Poor Quality of Generated Shaders

You can see an example in the attached image. There are lots of things in the generated shader like unnecessary bit shifts as well as calls to “bitFieldInsert”. Why does this even happen in the first place? According to Xcode profiler, just removing these (they also contribute to the “integer ALU” section) would improve performance by ~20% assuming only half of the integer ALU goes away. That’s a pretty good savings for the exact same functionality. Some of these shifts appear to be just divides that get converted to shifts because the compiler detects they are a POT, but some seem to be unnecessary.

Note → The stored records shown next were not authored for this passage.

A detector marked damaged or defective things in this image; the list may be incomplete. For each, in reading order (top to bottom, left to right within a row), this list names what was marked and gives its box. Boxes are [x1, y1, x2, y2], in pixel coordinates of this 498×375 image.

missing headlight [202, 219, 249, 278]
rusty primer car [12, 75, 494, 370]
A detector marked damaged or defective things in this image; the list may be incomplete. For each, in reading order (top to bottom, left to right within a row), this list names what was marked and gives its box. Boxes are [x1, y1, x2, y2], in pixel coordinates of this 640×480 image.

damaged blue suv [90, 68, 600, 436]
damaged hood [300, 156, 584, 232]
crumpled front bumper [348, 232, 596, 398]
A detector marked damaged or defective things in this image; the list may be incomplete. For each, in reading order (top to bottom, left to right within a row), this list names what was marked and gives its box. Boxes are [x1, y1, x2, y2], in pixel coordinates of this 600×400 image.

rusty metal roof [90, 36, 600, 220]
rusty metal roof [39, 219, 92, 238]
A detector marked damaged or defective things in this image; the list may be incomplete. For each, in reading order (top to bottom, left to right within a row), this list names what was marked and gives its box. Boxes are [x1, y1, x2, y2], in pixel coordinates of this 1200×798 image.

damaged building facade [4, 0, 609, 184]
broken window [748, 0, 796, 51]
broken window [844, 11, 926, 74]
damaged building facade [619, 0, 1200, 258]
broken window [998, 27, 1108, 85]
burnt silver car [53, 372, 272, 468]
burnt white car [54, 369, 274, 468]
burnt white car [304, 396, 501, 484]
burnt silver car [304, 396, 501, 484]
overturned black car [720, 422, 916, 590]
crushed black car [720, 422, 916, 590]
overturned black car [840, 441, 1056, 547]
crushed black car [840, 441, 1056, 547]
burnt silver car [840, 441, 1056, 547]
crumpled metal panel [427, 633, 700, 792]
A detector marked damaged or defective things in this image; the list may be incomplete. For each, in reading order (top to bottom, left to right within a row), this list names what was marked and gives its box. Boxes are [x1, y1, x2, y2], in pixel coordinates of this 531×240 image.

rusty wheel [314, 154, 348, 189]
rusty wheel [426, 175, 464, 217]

Also generated shaders seem to be using fma instead of matrix multiply functions, which I am not sure, but I would guess would be slower (hardware matrix multiply maybe, not the best evidence, I know).

So why is the generated shader code so poor and how can it be fixed? Any unity shader/rendering team experts here?

Hi!
Do you have an example of unnecessary bit shifts and calls to BFI?

Thanks, well, I am confused because it all seems unnecessary. If I write the shader without BFI, why is it needed when it is generated?

Well, that’s a result of the compiler optimizing things then :slight_smile:

1 Like

Ah yes I see now. It’s using BFI to optimize some integer multiplies and divides. Thanks :slight_smile:

1 Like

@aleksandrk got another one for you :smile: Any help would be very much appreciated.

generated MSL :

float3 u_xlat9;
half3 u_xlat16_9;
u_xlat16_9.xyz = _NormalTextures.sample(sampler_NormalTextures, u_xlat1.xy, round(u_xlat1.z), gradient2d(float4(u_xlat2.xyzx).xy, float4(u_xlat9.xyzx).xy)).xyz;
u_xlat9.xyz = fma(float3(u_xlat16_9.xyz), float3(2.0, 2.0, 2.0), float3(-1.0, -1.0, -1.0));

and original HLSL :

#define SAMPLE_TEX2DARRAY_GRAD_CUSTOM(tex,coord,dx,dy) UNITY_SAMPLE_TEX2DARRAY_GRAD(tex,coord,dx,dy)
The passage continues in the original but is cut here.